Hope is a brilliantly accomplished impressionistic portrayer of street scenes...
(John Walsh, The Independent)
Following the success of his debut solo show (Observations, 2015), award-winning painter Benjamin Hope has teamed up with sculptor Ben Hooper, for a major new exhibition called Works. Over 50 new paintings of London by Hope will be set against Hooper’s bronze and wire sculptures in a striking juxtaposition of different media and techniques.
Almost all of Benjamin Hope’s pieces were painted on location in areas of the Capital such as the City, the Thames, Chelsea, Blackheath, Camberwell, Putney and Westminster. Signaling a new strand to his work, Benjamin will also present much larger studio paintings that were developed from plein air studies. According to Benjamin “painting from life is my modus operandi; I love the immediacy, the time pressure, and the liveliness of the result. Creating paintings in the studio is different. It allows greater scale but it’s not just a straightforward enlargement; it’s more like an exploration of how a complex layering of paint can help evoke the light and atmosphere of the moments I originally captured painting outdoors.”
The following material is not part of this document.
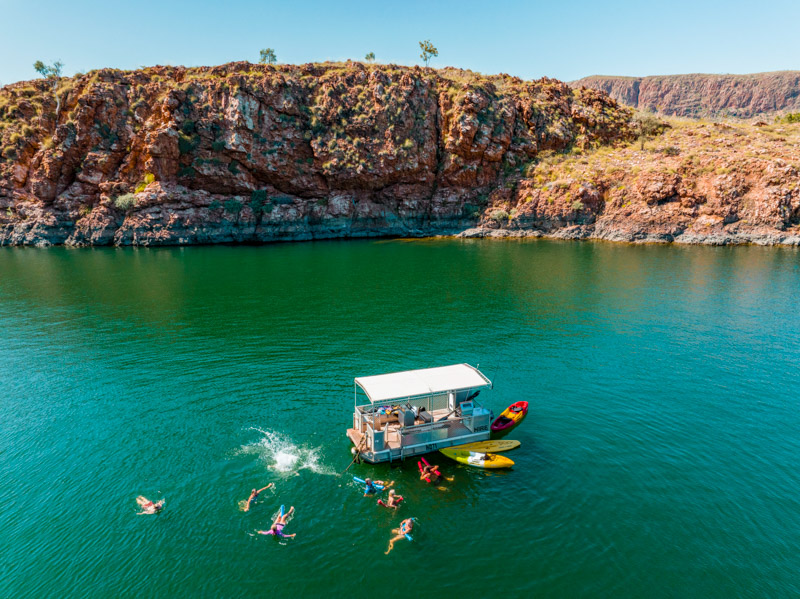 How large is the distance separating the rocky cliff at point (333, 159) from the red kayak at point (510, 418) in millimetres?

Ben Hooper’s work focuses on the human form: seen from life, and through the lens of sculptural traditions of the past. Ben’s pieces will include his bronze nudes, a selection of his commissioned portraits and recent works in wire that respond to classical sculptures from both the west and the east. Ben explains “my wire works are drawings in three-dimensional space. Hidden within them is the potential for a multiplicity of two-dimensional images that are revealed when these sculptures cast shadows onto nearby surfaces.”
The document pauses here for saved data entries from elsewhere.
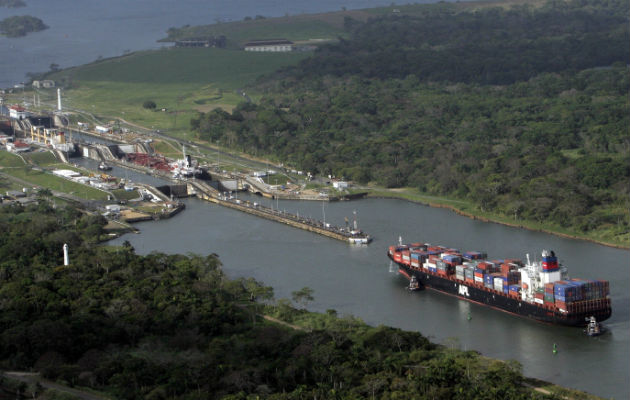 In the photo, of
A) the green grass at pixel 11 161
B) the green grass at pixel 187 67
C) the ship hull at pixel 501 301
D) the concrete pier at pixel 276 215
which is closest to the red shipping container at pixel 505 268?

Benjamin Hope grew up in Oxford and read Mathematics and Physics at the University of Warwick before moving to Cambridge for his PhD. His long-term plan throughout was to become a painter and his artistic training happened concurrently through experimentation, practice and reading. He has been a full time artist—living and working in London—since 2011. He has won several awards including runner-up in the prestigious Lynn Painter Stainers Prize and rst prize in Pintar Rapido, London. He has had work selected for the Royal Academy Summer Exhibition and multiple open exhibitions including those of the New English Art Club, the Royal Institute of Oil Painters, and the Royal Society of Portrait Painters.
Ben Hooper grew up in London and read Physics and Philosophy at Oxford before working as a barrister for 15 years in London. His sculptural practice initially developed alongside his legal career, with stints of training at the City & Guilds School of Art and the Royal Drawing School. He currently works mostly by commission.